Cr Mustow said the impact on the local environment was also hard to comprehend, with almost 50 percent of land in the local government area burnt.
He said it was hard to imagine how communities would want to rebuild after such a destructive event, however, he said rebuilding created and fostered community resiliency.
“Rebuilding a community after a major disaster is an important part in the healing process, and timely action will be challenging but essential for our fire-affected communities,” Cr Mustow said.
“It is a priority of Richmond Valley Council to ensure recovery and cleanup is undertaken in the timeliest manner possible, and that residents are encouraged to rebuild.”
The Richmond Valley was severely impacted by two significant bushfire events in October and November which resulted in 142,741 hectares of land burnt, and more than 350 homes, outbuildings and facilities destroyed or damaged.
Key industries, including primary producers and forestry, were also heavily impacted.
Cr Mustow said the devastating events saw homes, businesses, livestock, grazing land, forestry, crops, machinery and infrastructure lost or damaged.
“The firefighting operation, from the command centre in Casino, was the largest coordinated response this area has ever seen and took considerable resources to achieve,” he said.
“The impact of these bushfires on the health and wellbeing of the community is yet to be fully understood. The true extent of damage to property is still being measured, and work being undertaken in the vast State forests and national parks may take months to be revealed.
“It is widely understood the economic impact of a disaster of this scale will be significant and ongoing.”
General Manager Vaughan Macdonald said Council was committed to investing in its communities, creating opportunities for new growth and prosperity.
Mr Macdonald said Council’s priority was to rapidly rebuild stronger and more resilient communities, focussing on the health and wellbeing of people, repair of property, and restoration of small business, primary producers and the environment.
He said Council’s Rebuilding the Richmond Valley – Community Revitalisation Plan was more than just a list of tasks required to clean up after a disaster event.
He said the Rebuilding the Richmond Valley plan identified a range of actions and opportunities to ensure recovery was timely and effective.

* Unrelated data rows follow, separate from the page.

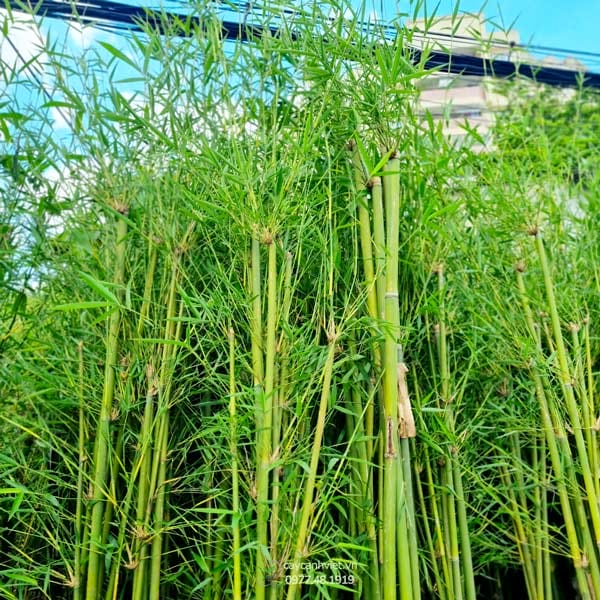 Cây Trúc Cần Câu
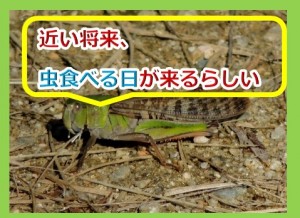 将来は虫を食べる国がどんどん増えていくらしい。その理由とメリットとは？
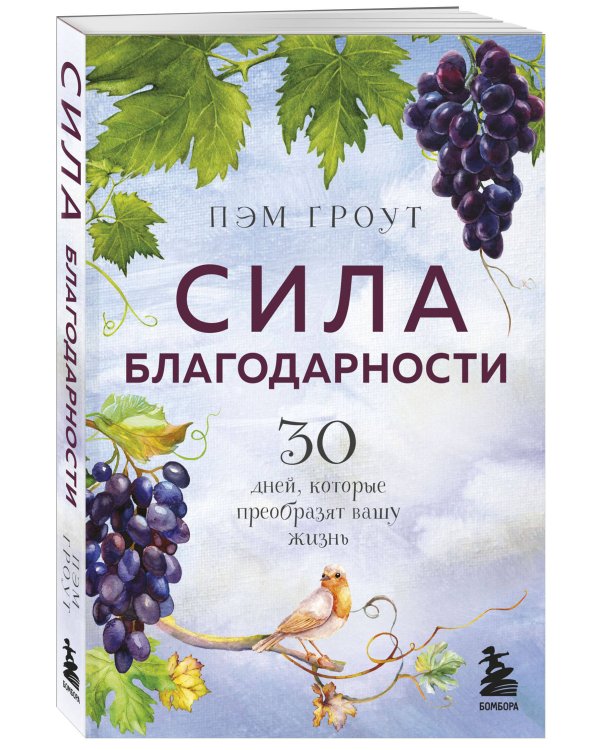 Сила благодарности. 30 дней, которые преобразят вашу жизнь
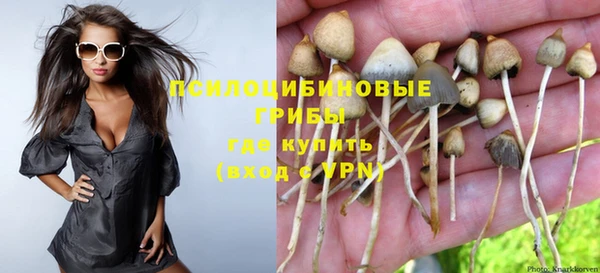 PSILOCYBIN Алзамай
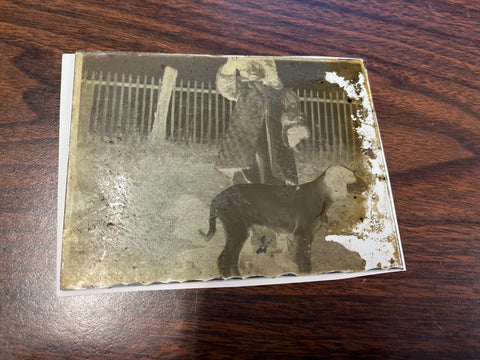 VTG Antique Early 1900s Glass Photo Negative Slide Photo Girl With Dog By Fence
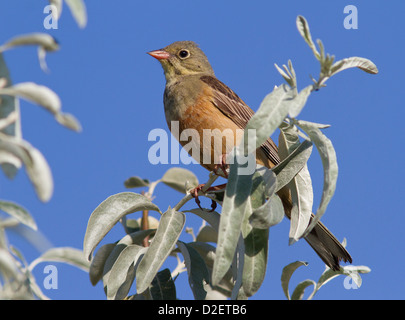 Ortolan Bunting (Emberiza Hortulana) Männchen auf einem Ast sitzend. Stockfoto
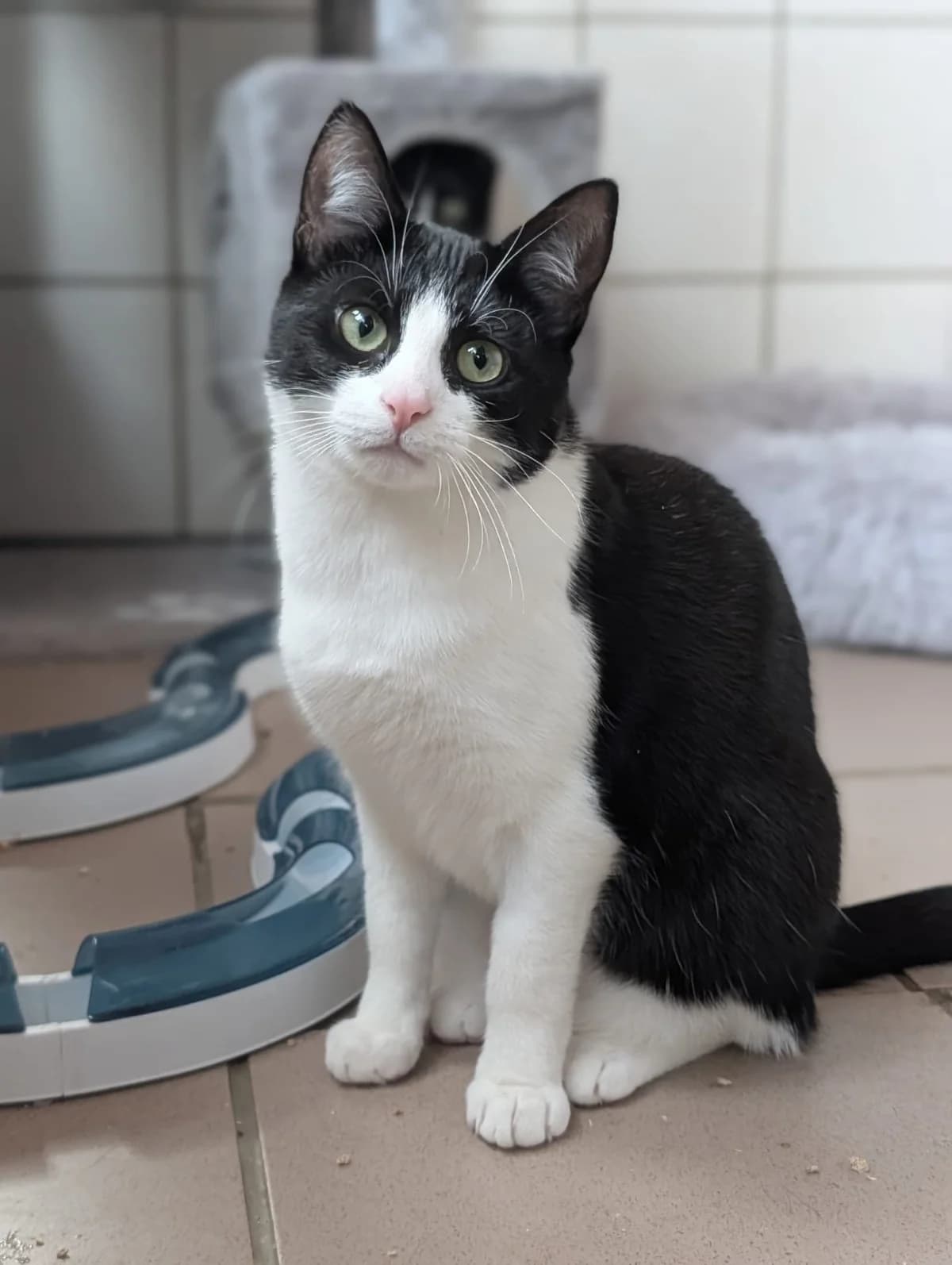 Vega, Herr Maia & Lyra,  young European Shorthair for adoption at Tiere e.V.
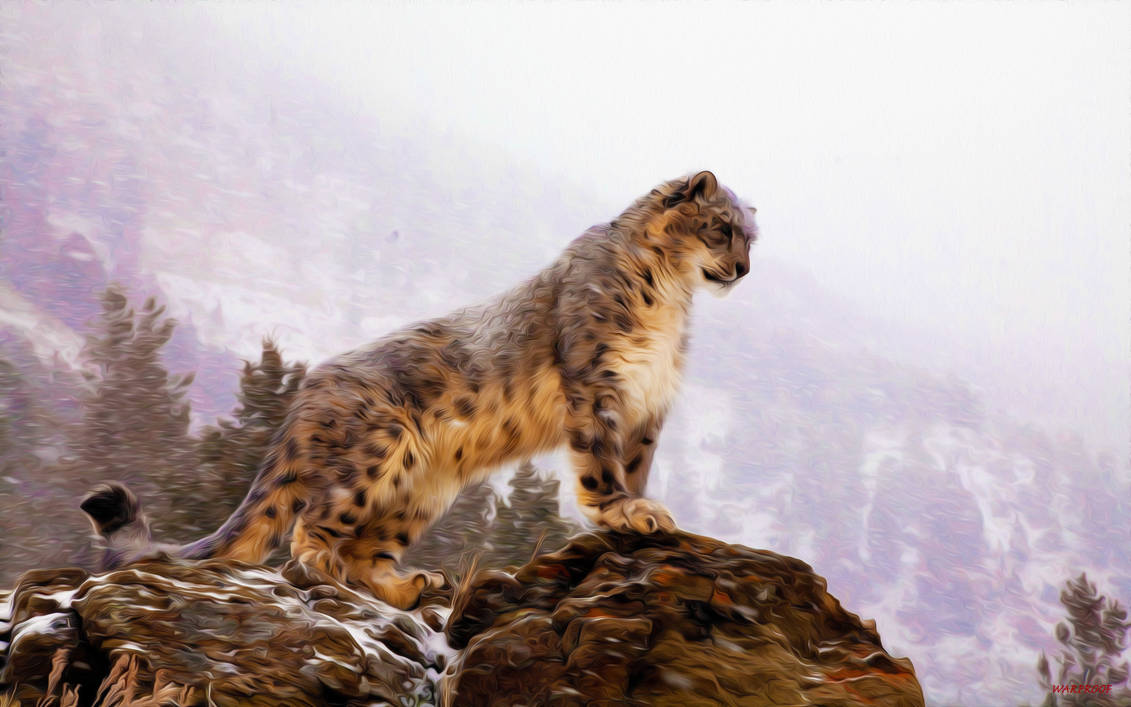 WARPROOF Snow Leopard On The Watch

“Funding for the projects contained in this plan is anticipated from a range of sources including Federal, State and local governments, State agencies, private charities and private investment or philanthropists,” Mr Macdonald said.
Mr Macdonald said Council acknowledged the communities impacted by the fires were already under incredible strain by the persistent drought.
“Already under incredible strain from the persistent drought, intervention is needed now to ensure our towns, which are inextricably linked to the agricultural industry, are able to recover and prosper again,” he said.
Mr Macdonald said after being closely involved in the emergency response led by the Rural Fire Service and NSW Police, Council was now actively working to support residents with the task of recovery and rebuilding.
He said Council was working with the affected communities to understand their immediate needs, as well as develop plans for the future of their towns.
He said community meetings had been held and advisory groups established to ensure there was a true collaboration and that the communities could share their valuable input into the Rebuilding the Richmond Valley plan.
“This engagement – and Council’s focus on recovery planning – aims to achieve a sense of ownership of this plan by the community,” Mr Macdonald said.
“Ongoing engagement with our communities will continue as we support the recovery journey of the Richmond Valley.”